Le Scandale de la Bêtise

Par  

Petite réflexion personnelle à propos de Psychologie de la connerie sous la direction de Jean-François Marmion aux éditions Sciences Humaines (voir le site de l'éditeur)

« On ne comprend absolument rien à la civilisation moderne si l'on n'admet pas d'abord qu'elle est une conspiration universelle (de la bêtise c'est moi qui rajoute) contre toute espèce de vie intérieure » De Georges Bernanos dans La France contre les robots

Il y a le scandale que peut faire la vérité dans une société moderne, le scandale éternel du mal, et il y a celui de la bêtise qui est la cause originelle des deux premiers. Les imbéciles n'aiment pas la Vérité, n'aiment pas le réel. Ils aiment que celui-ci colle à leurs préjugés même contre l'évidence. Ils tolèrent le mal, l'injustice, la pauvreté si ceux-ci leur semblent aller dans le sens de leurs intérêts propres.

Le livre qui est le point de départ de ce petit texte a un titre provocateur qui est surtout là pour le faire vendre. Il se propose à travers des articles, des réflexions, des questionnements de donner une définition de la connerie ou plutôt des conneries, car il y en a beaucoup. En théorie, pour lutter contre. Malheureusement, on sait que le combat est perdu d'avance. Car la connerie est infinie, éternelle et le demeurera jusqu'à la fin des temps. Ce qui n'empêche en rien de la dénoncer bien entendu. La sienne propre même parfois…

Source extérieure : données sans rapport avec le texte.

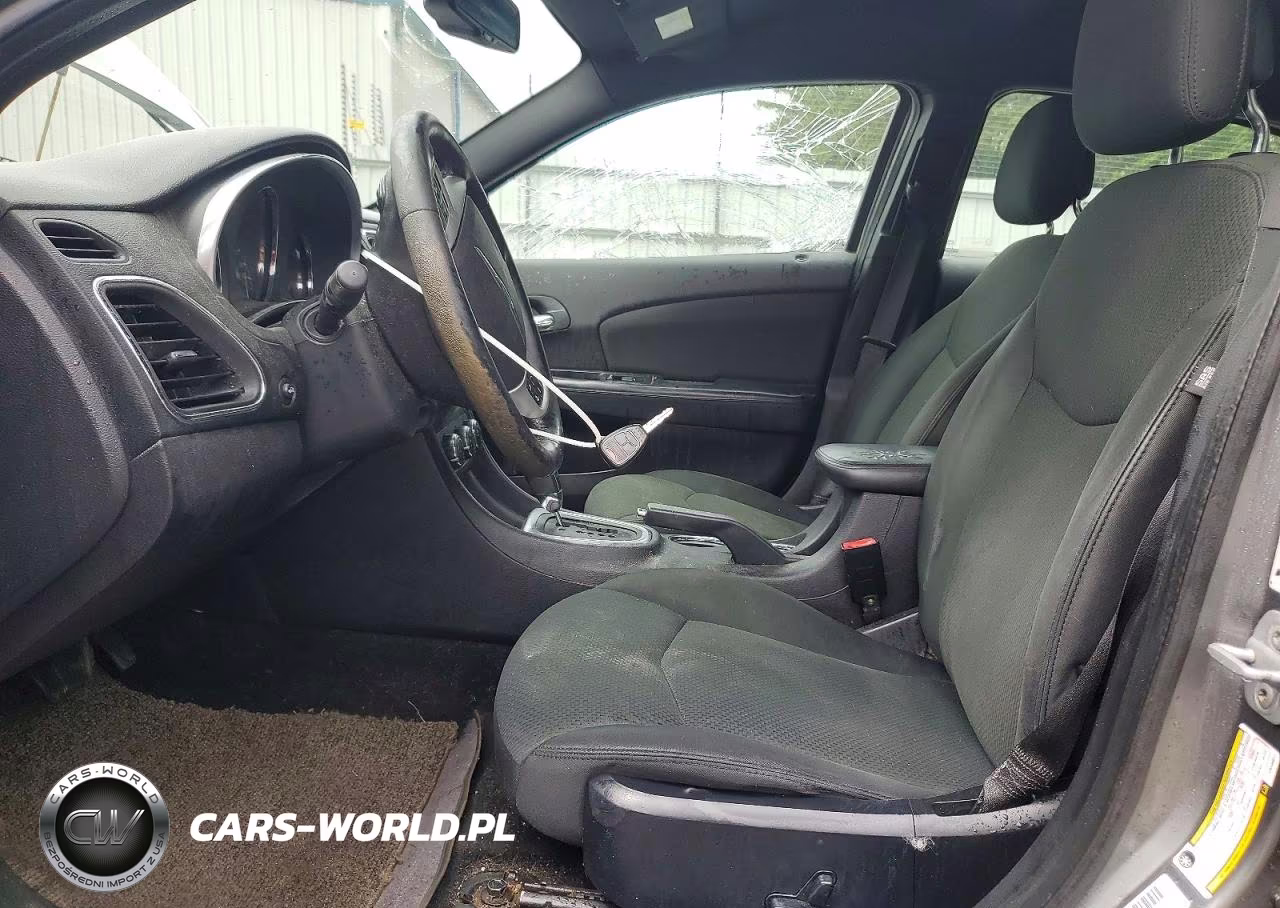 2012 Chrysler 200 Touring VIN:1C3CCBBB3CN108011 - 7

Tout le monde a ses moments de connerie, ses moments d'égarement où notre cerveau se met en pause, l'auteur de ses lignes y compris. Le reconnaître c'est être déjà moins bête. Moins con en définitive. Le mot en lui-même est intéressant, il n'a pas d'équivalent dans les autres langues. Il est très français. Il vient d'un pays où les cons sont mal vus, où ils sont raillés, vilipendés, ou du moins l'étaient. En France il convenait d'être insolent envers les imbéciles pontifiants, les pseudo rigolos en fait sinistres, les théoriciens persuadés de régler le sort de l'humanité, de l'amener à son bonheur malgré elle, avec trois ou quatre slogans bien sentis, et bien creux, quelques idées reçues très banales énoncées comme autant de vérités révélées. Et bien entendu il y a l'immense troupeau des cons de tous les jours, des cons de la pièce d'à-côté, le con qui n'est pas d'accord avec nous, celui qui nous agace nous exaspère, qui ne nous ressemble pas assez à notre goût.

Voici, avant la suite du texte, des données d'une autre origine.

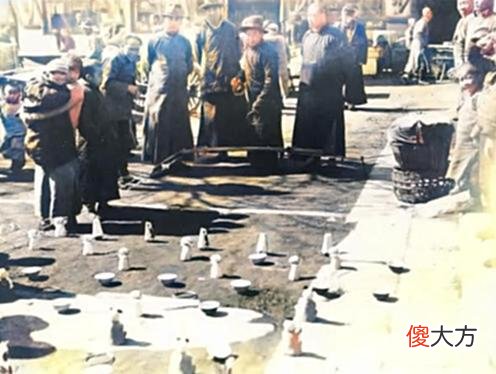 【爱历史】老照片：民国时期穷苦百姓的谋生手段，辛苦操劳收入微薄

La création des outils techniques formidables que sont le Web, et en particulier le Web 2.0, permet également à la connerie, aux conneries, de se répandre beaucoup plus vite dans toute l'humanité et sur toute la surface de la planète. L'homo dit sapiens a gagné les moyens techniques de faire profiter l'univers tout entier même de sa sottise. Une sottise peut même fournir la célébrité à son auteur. Je songe entre autres à cette jeune fille américaine qui a des millions de fans sur internet pour se verser des pots de mayonnaise sur la tête tout en fredonnant des scies à la mode.

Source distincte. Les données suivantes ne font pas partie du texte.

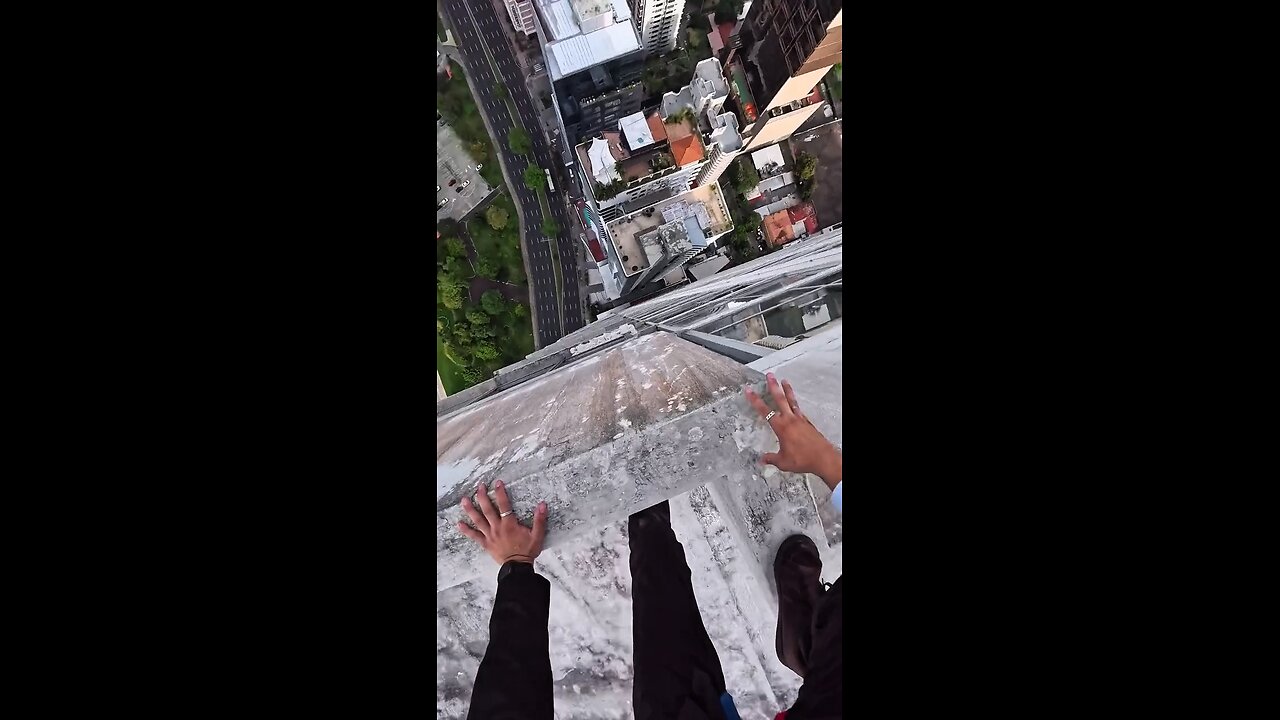 He Jumps Off a Cliff With Only a Parachute! Insane Moment Caught on Camera”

Pour le con de toutes façons le con c'est toujours l'autre. Et diverses justifications de surnager encore et toujours. Entre autres exemples, je songe à ces imbéciles se croyant malins qui ont inventé depuis quelques temps déjà la différenciation entre l'intelligence du cœur et l'intelligence de la raison pour au fond se justifier par avance -et se consoler- de leur propre bêtise. Je ne suis pas très malin mais au fond je suis très très gentil, la gentillesse étant finalement assimilée plus ou moins consciemment à une forme de débilité mentale dans nos sociétés. La plupart des gens ont intégré le darwinisme social très mortifère sévissant à notre époque. Pour s'élever, il convient de marcher sur la tête des autres personnes, d'écraser les autres en utilisant tous les moyens possibles y compris les moins avouables moralement, et si on ne le peut pas de s'allier avec des puissants. Etre gentil c'est risquer de ne pas satisfaire ses ambitions.

D'autres encore opposent l'intelligence spirituelle et le rationnel, comme si là encore c'était deux choses différentes : je n'ai pas besoin de raisonner de manière équilibrée puisque je me sens près de Dieu et de l'Esprit Saint. Je pourrais développer également sur cette confusion majeure entre l'érudition, l'instruction et la capacité à penser plus loin que le bout de son nez. Comme si être intelligent s'apprenait à l'école, autre imposture de notre temps.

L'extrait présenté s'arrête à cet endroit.